▸ **GIVEN DATA**:
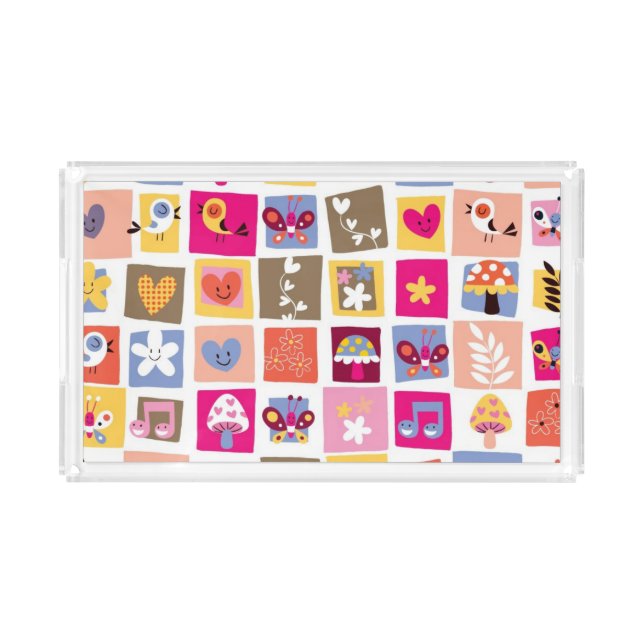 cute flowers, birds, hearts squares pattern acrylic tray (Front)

...

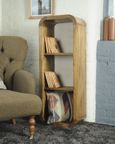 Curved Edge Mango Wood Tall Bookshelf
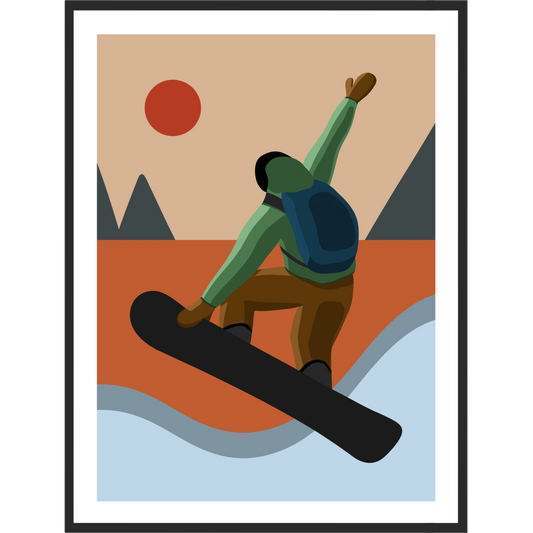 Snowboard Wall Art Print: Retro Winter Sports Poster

▸ **WHAT THE TASK ASKS**:
Take the material above from the line bearing "Curved Edge Mango Wood Tall Bookshelf" through the line bearing "Snowboard Wall Art" and write it out exactly, both end lines included. Pictures stay out.

▸ **EXERCISE OUTPUT**:
 Curved Edge Mango Wood Tall Bookshelf
 Snowboard Wall Art Print: Retro Winter Sports Poster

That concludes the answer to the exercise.